I thought about this for a while, when all a sudden, it hit me!

It was the wooden walls! Unlike Sheetrock, Douglas fir has pores, which were used to transport water when it was a tree. Before I had installed my mini split, I left all my windows and door wide open to keep cooler, but with that came the moisture of humid NC summers and my walls drank it up.

Then I turned on the mini split and the dehumidifier started removing that moisture in the air. The wood naturally wants to equalize its open grains with the moisture in the air, so it released moisture back into the air. So essentially it took about 3 weeks for my house to breathe out all the moisture my wooden walls had taken in. My house breathes!

So the mystery is solved and my house is nice and dry. It’s interesting what you learn when you live tiny. In a larger home I’m not sure I would have noticed.


  1. Hi Ryan,
    Thank you, I am very impressed with your knowledge! Keep up the great work. I am anxious to watch your progress.
    Question; What source of power do you use for cooking and hot water?
    I have been told that Induction cooking uses less energy than both gas and normal electric.
    Also, have you ever considered a incinerating toilet? What are your thoughts on tankless water
    Thank You, Your knowledge is a big help!!!!

    • Hi we just installed a tankless hot water heater and I LOVE IT!! Now if conserving water is a major issue u need to consider that it takes abt a minute to minute and a half for the water to get hot…also we found that nearly all brands dont allow for great hot water temperature so we went with the rheem at home depot. We got the big one and it goes to 120 degrees. ..most are WAY less than that. The unit was $1000 plus tax and plumbing supplies. ..which cost a fortune…my mini home is 560 sq ft and I didnt have a lot of room for a tank so went this route and have zero regrets.

      • Was there a problem with the on-demand water heater and the amount of water pressure you had?

  2. Thank you for this article. I am just at the point of choosing between drywall and wood inside my Tiny House. I think I will go with the interior wood siding.

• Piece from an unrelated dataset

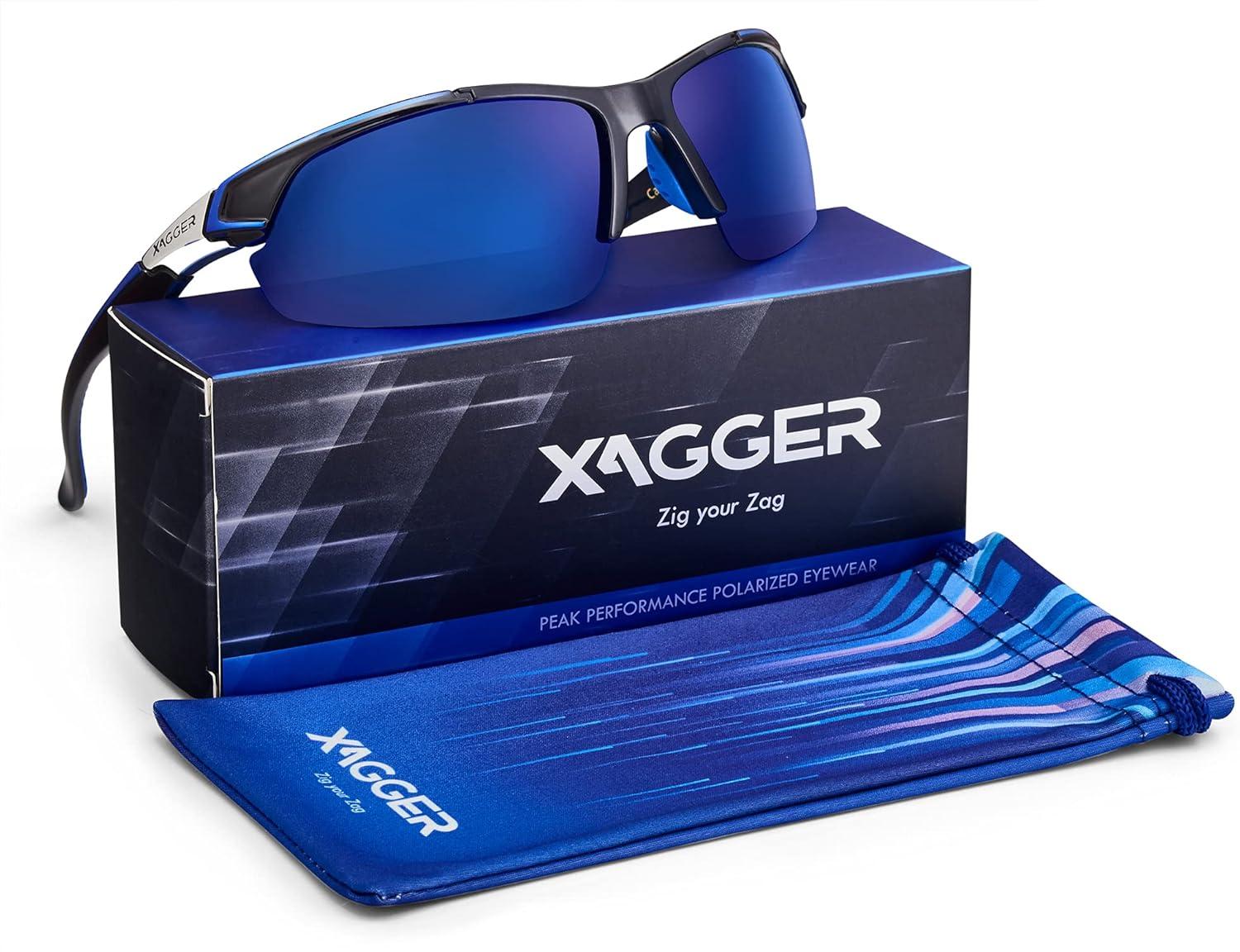 imageXagger Polarized Sport Sunglasses for Men Women Wrap Around UV400 Running Baseball Softball Fishing Driving GlassesBlack  Blue Mirror
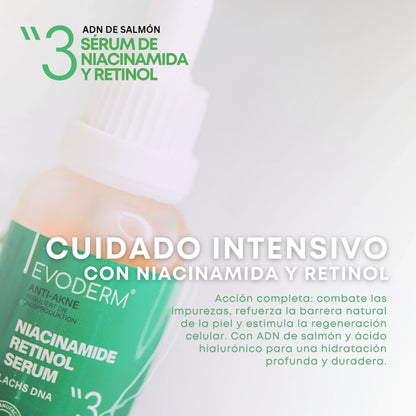 EVODERM Set Facial 3-en-1 – Gel limpiador + Tónico + Sérum Niacinamida/Retinol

  3. I have often thought that this is the reason it is a mistake to paint the interior of wood walls in a tiny house. Paint is a pretty effective moisture barrier, so it can keep the wood from breathing.

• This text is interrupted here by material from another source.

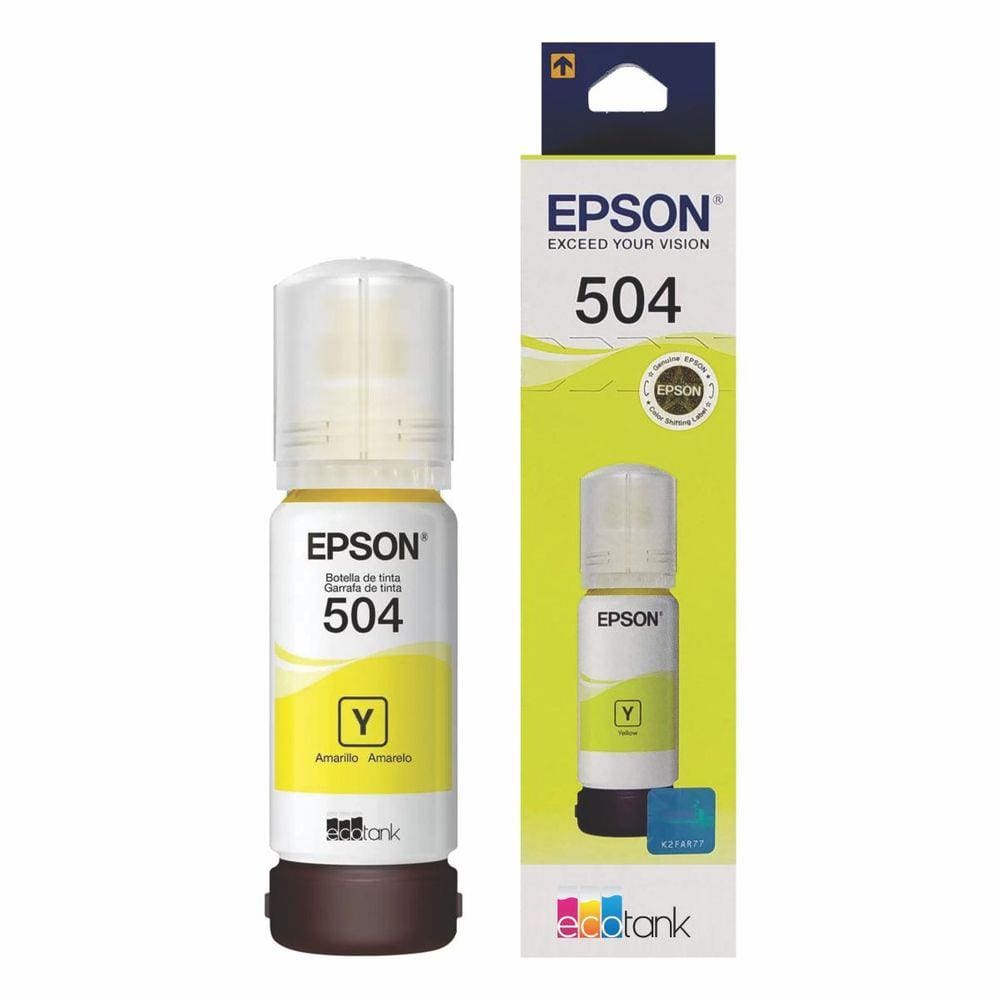 Tinta Epson Amarelo Refil T504 Impressoras L4150 L4160 L6161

  4. My son went with a really nice birch plywood for his interior instead of drywall or individual tongue and groove boards. It looks good with a light coat of varethane or can be painted or stained. Not sure what thickness he used but it’s pretty minimal.

  5. I started my Tiny Mobile from an old travel trailer that had a brand new propane w/h with 6 gal tank. Decided to keep it as the “storage tank” component of my hot water system. I put 5″ of insulation on it and use a 2.5 gal. Elec “under-counter” heater ($225)) set on high which pumps very hot water into the storage tank every time I turn on the hot faucet. Result is a hot 8.5 gallon shower in
    the winter..AND a backup w/h if the electric service is interrupted. I use the hot faucet about 95% of the time anyway, which keeps the storage tank charged with hot water for about a 36 hour period. If gone for several days it takes about 2 hours of normal water usage to recharge the storage tank.

  6. What about insulation?

  7. Showing my ignorance here, how did you fix the humidity problem? By not using the dehumidifier?
    Also, what kind of insulation did you use?
    Why is a “breathing” house better than a sealed one?

  8. If you do not mind me asking, where did you source your paneling? I have been looking for a similar product but cannot find anything less than 5/8″ T&G.

  9. Thanks for this great article! I also haven’t been able to find any tongue and groove siding that is less than 1″ thick. Where did you find yours that is 1/4″, please?

  10. I am designing a Tiny House and hope to finish the total build by the end of next year. I am just finishing up the details of the design before I start work on the exterior of the house and I can’t find any 1/4 inch thick stuff either. I’d love to get this into my house because of the rustic look and the weight advantages over other wood but if I can’t find it, I can’t buy it.